Since the first introduction on the market in the mid-1990s of a major GM food (herbicide-resistant soybeans), there has been concern about such food among politicians, activists and consumers, especially in Europe. Several factors are involved. In the late 1980s – early 1990s, the results of decades of molecular research reached the public domain. Until that time, consumers were generally not very aware of the potential of this research. In the case of food, consumers started to wonder about safety because they perceive that modern biotechnology is leading to the creation of new species.
Consumers frequently ask, “what is in it for me?”. Where medicines are concerned, many consumers more readily accept biotechnology as beneficial for their health (e.g. vaccines, medicines with improved treatment potential or increased safety).
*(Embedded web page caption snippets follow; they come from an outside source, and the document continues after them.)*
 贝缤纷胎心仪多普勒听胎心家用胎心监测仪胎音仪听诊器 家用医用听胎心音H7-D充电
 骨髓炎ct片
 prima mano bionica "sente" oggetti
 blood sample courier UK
In the case of the first GM foods introduced onto the European market, the products were of no apparent direct benefit to consumers (not significantly cheaper, no increased shelflife, no better taste). The potential for GM seeds to result in bigger yields per cultivated area should lead to lower prices. However, public attention has focused on the risk side of the risk-benefit equation, often without distinguishing between potential environmental impacts and public health effects of GMOs.
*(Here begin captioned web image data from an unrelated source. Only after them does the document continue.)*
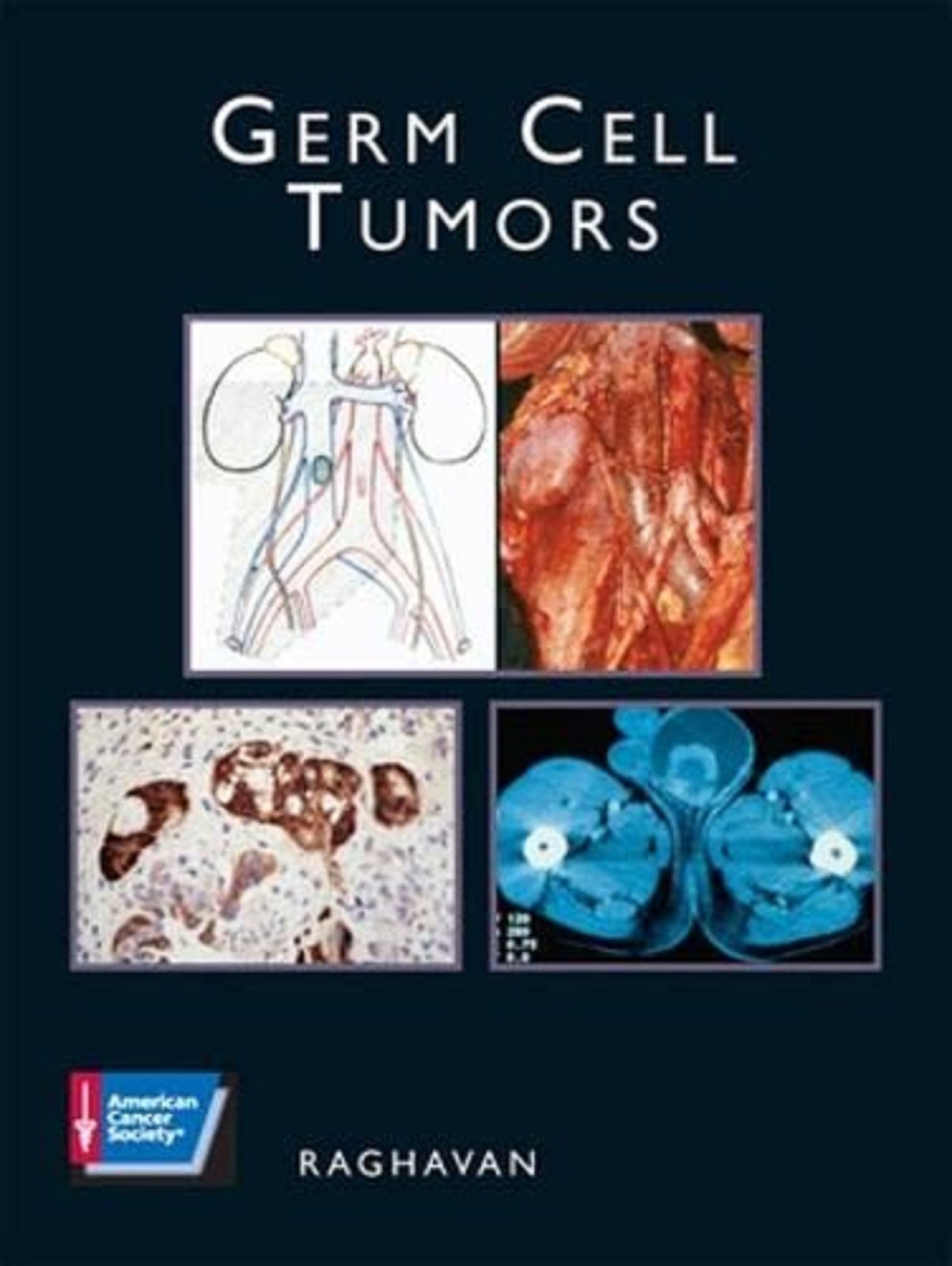 BRAND NEW: Germ Cell Tumors: American Cancer Society Atlas of Clinical Oncology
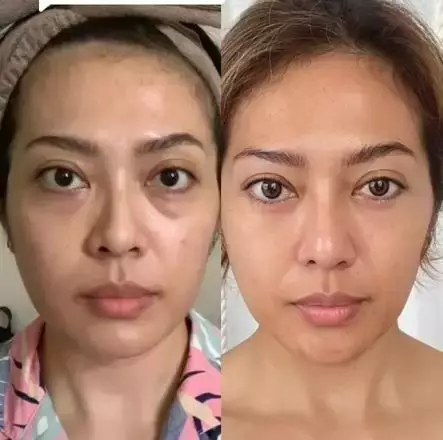 Seleb sebelum dan sesudah face lifting Berbagai sumber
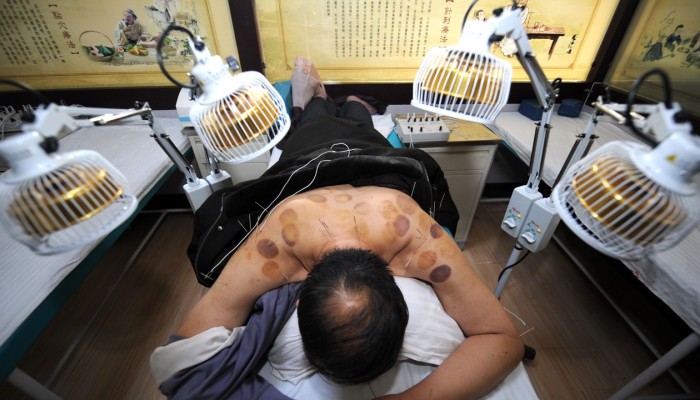 A man receives acupuncture treatment at a hospital in Wuwei, northwest China's Gansu province. Photo: Xinhua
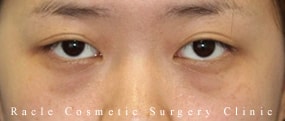 目の下の凹み(クマ) (ヒアルロン酸注入)の症例写真01 Before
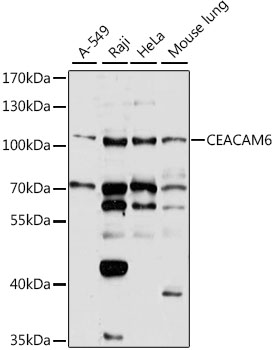 CEACAM6 Polyclonal Antibody (E-AB-92869)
Consumer confidence in the safety of food supplies in Europe has decreased significantly as a result of a number of food scares that took place in the second half of the 1990s that are unrelated to GM foods. This has also had an impact on discussions about the acceptability of GM foods. Consumers have questioned the validity of risk assessments, both with regard to consumer health and environmental risks, focusing in particular on long-term effects. Other topics debated by consumer organizations have included allergenicity and antimicrobial resistance. Consumer concerns have triggered a discussion on the desirability of labelling GM foods, allowing for an informed choice of consumers.